И такая пустышка как бытие никоим образом не отличается от такой пустышки, как, к примеру, носок, потому что пустота - и то и другое. Как и сам разговор о них – пуст и беспредметен.

В ничто нет ничего.

А если где-то появляется что-то, то вот оно – колебание пустоты. И первым её признаком является замкнутость, закольцованность всего, что возникает в итоге этих колебаний на самое себя. Так называемая бесконечность. Вечная гонка за призраками по кругу.

Чего доводом является хотя бы этот вот разговор, который постоянно крутится вокруг одного и того же, возвращаясь к тому же, с чего и начался, потому что он – пуст.

В нем нет ответов ни на что. И описания чего бы то ни было в нем также не сыскать.

Всё – сплошное нае*балово.

Всё – игра.

Ведь маска играет. И между делом морочит вам голову. Все остальное – тщетно.

В чужой монастырь невозможно заявиться со своим уставом вовсе не потому, что это неприлично, а потому, что любой существующий устав будет уставом этого монастыря.
Вот потому-то примитив – не есть панацея.

Сделать из своей жизни однообразное, монотонное, нудное болото. Упразднить какую бы то ни было заинтересованность, приглушить все инстинкты, порвать с развитием, намеренно отуплять свой мозг итд итп – значит ровно то же самое, что и стремиться к лучшему, саморазвиваться, читать книги, наслаждаться жизнью и прочая, прочая, прочая.
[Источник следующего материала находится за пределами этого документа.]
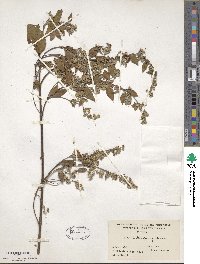 Banisteriopsis caapi image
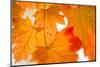 Maple Leaves Fall Colors-Paivi Vikstrom-Mounted Photographic Print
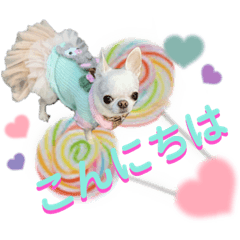 [LINEスタンプ] チワワのろよです♪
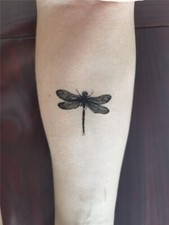 5X Adesivo Tatuaggio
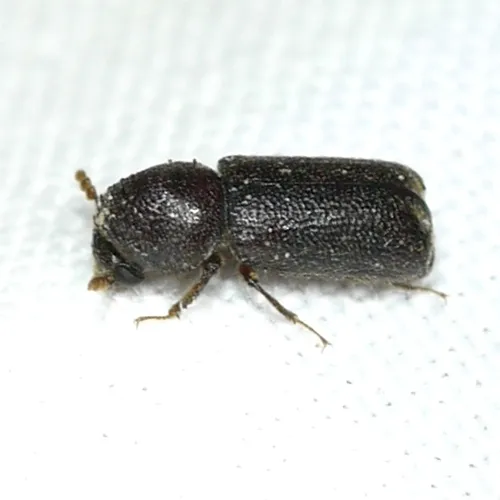 Prostephanus punctatus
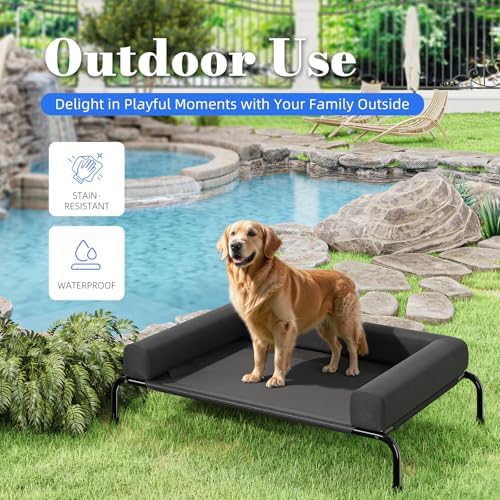 Simple Trending Elevated Dog Bed for Large Dogs with Bolsters, Black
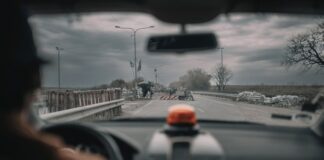 Les sorties du 8 novembre 2023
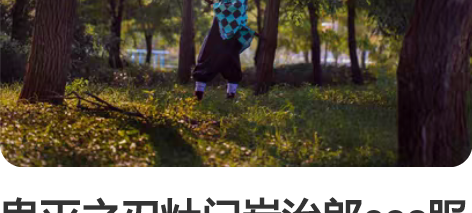 鬼灭之刃灶门炭治郎cos服大全套 包括假发...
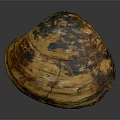 Natural Shell Organ With Hair Like Texture And Orange Black Surface Patterns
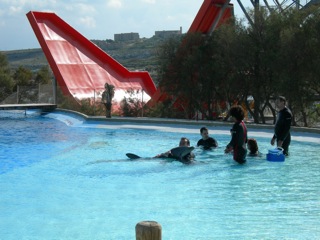 Crociera_36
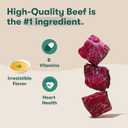 Jinx Bone Broth Stew for Dogs - Beef & Vegetables Recipe - Grain-Free Wet Dog Food & Topper for Picky Eaters - Promotes Lean Muscle Growth, A Healthy Coat & Improved Digestion - 13 Oz, 12 Pack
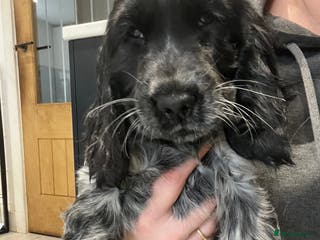 Cocker Spaniel dogs Show Cocker Spaniel Boys- Ready now - Advert 6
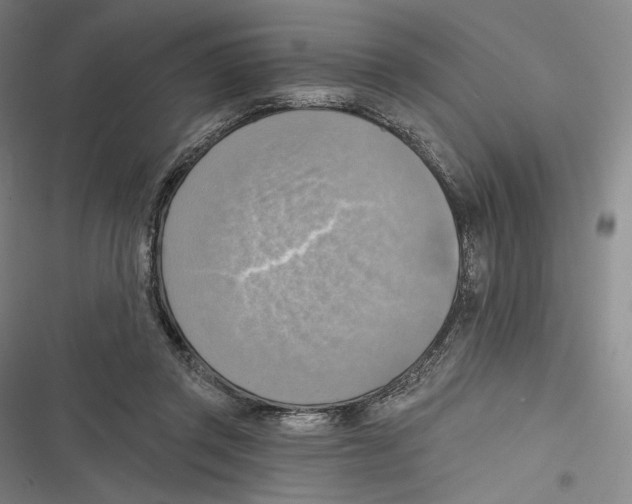 X0000116650357201001111234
Всё это – действия, а, принимая во внимание их источник, любое действие равно любому действию. Неумолимо, вопиюще и бесповоротно.

Поэтому на подобное можно ответить лишь одно: без разницы.
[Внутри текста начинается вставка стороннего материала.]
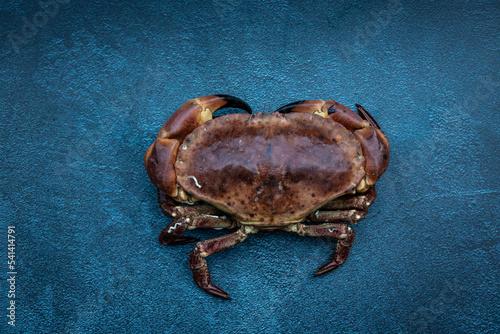 Crabe tourteau vivant photo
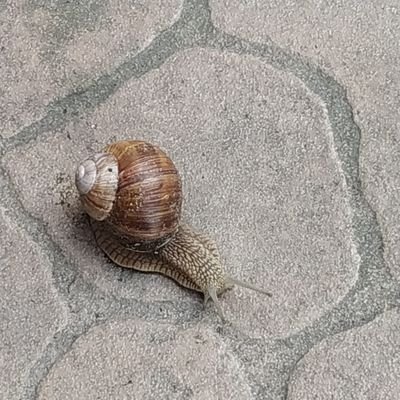 טכנולוג חסר תקנה עם קורטוב של מזוכיזם, רק מחכה שתשכנעו אותי שאני טועה...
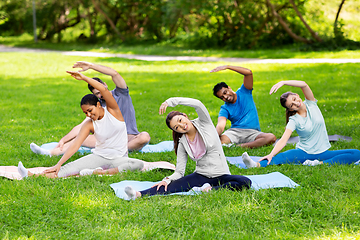 Image showing group of people exercising at summer park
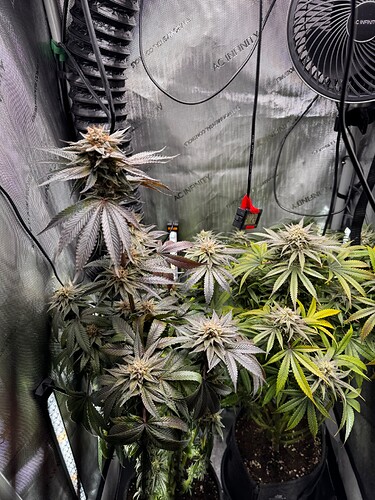 Growreport Bild 1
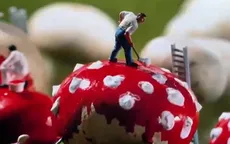 Triển lãm quốc tế lớn nhất dành cho các tác phẩm tí hon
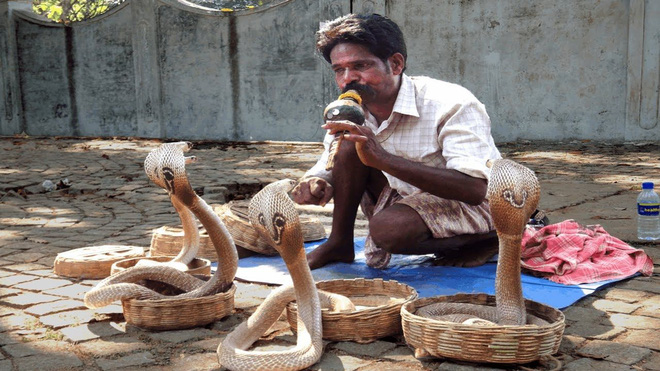 Cobras are often used for performances because they have a beautiful, fierce appearance and are easy to control.
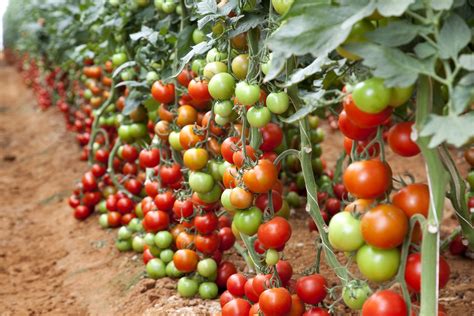 Howto Plant Tomatoes - Howto Techno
Ну а учитывая еще и некий дух противопоставления в примитиве, надо признать, что это не более, чем плохо скрываемое тщеславие, и за таким  поведением проглядывают знакомые нам волокна мяса с претензией.

Потому что не может быть никакой разницы между чем-либо и чем-либо, если оба они не обусловлены ничем, кроме как условностью.

Примитив – ещё один «по-другому прошитый смысловой паттерн». Для не таких как все, для этих исключительных и особенных.

Маска не нуждается в примитиве, если только это не элемент игры. Маска ни с чем не борется, ни против чего не восстает. В маске упразднено сущее и любое колебание пустоты – часть маскарада.

Маска не заключена в понятия, потому и неотмирна. И ей нельзя стать. Так, как понимаешь это ты.

Если ты хочешь разглядеть маску, то поздравляю – ты нихера не понял.
Если ты хочешь скинуть с себя человеческое – ты нихера не понял.
Если ты хочешь что-то оставить или что-то приобрести – ты нихера не понял.
Если ты читаешь  это и пытаешься понять – ты нихера не понял.

Ты нихера не понял в ста случаях из ста и в следущей сотне случаев также нихера не поймёшь.

Потому что ты искатель истины. Ты погряз в трясине смысла. И маска для тебя – такая же идея, как и всё вокруг. Ты подходишь к ней оценивающе и осмысляюще. И я не виню тебя за это, так же, как не виню рыбу за то, что у нее есть жабры. Хотя с ними бывает много хлопот при разделке. Человек разделывает рыбу для того, чтобы рыба стала человеком. Маска говорит с человеком для того, чтобы человек стал маской. Параллель здесь полная, и она именно такова.